[Opening DATA TO EXAMINE section]

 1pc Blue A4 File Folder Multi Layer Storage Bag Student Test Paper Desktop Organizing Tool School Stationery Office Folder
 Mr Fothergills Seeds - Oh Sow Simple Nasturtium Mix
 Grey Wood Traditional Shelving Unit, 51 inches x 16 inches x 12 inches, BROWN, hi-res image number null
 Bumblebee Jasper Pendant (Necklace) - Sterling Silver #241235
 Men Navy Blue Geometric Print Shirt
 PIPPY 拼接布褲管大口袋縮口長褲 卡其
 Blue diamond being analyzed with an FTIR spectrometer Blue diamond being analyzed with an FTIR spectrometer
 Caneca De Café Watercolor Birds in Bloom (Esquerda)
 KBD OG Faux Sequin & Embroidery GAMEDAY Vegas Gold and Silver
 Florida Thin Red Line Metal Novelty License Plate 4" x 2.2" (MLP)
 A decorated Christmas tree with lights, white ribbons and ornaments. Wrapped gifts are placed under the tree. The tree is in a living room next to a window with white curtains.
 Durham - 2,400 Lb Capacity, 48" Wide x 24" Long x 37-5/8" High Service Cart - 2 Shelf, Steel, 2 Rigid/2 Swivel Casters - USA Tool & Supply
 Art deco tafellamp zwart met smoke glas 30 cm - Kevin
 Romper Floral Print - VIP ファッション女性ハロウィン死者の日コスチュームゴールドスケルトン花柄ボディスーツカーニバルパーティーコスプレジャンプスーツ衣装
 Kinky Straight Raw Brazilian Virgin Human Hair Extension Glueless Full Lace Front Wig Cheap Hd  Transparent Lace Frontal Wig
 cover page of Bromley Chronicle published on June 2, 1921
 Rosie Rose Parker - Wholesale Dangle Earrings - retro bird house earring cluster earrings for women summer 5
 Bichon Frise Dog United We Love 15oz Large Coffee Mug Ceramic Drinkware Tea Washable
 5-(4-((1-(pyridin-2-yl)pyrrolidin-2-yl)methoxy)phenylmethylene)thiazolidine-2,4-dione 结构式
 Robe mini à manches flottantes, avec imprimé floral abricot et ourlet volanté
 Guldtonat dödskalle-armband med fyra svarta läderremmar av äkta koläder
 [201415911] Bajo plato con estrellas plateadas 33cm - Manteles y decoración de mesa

[Closing DATA TO EXAMINE section]

▸ WORK TO COMPLETE
Retype, exactly and in full, the lines above from the one containing "Art deco tafellamp" through the one containing "Kinky Straight Raw".

▸ ANSWER TO THE EXERCISE
 Art deco tafellamp zwart met smoke glas 30 cm - Kevin
 Romper Floral Print - VIP ファッション女性ハロウィン死者の日コスチュームゴールドスケルトン花柄ボディスーツカーニバルパーティーコスプレジャンプスーツ衣装
 Kinky Straight Raw Brazilian Virgin Human Hair Extension Glueless Full Lace Front Wig Cheap Hd  Transparent Lace Frontal Wig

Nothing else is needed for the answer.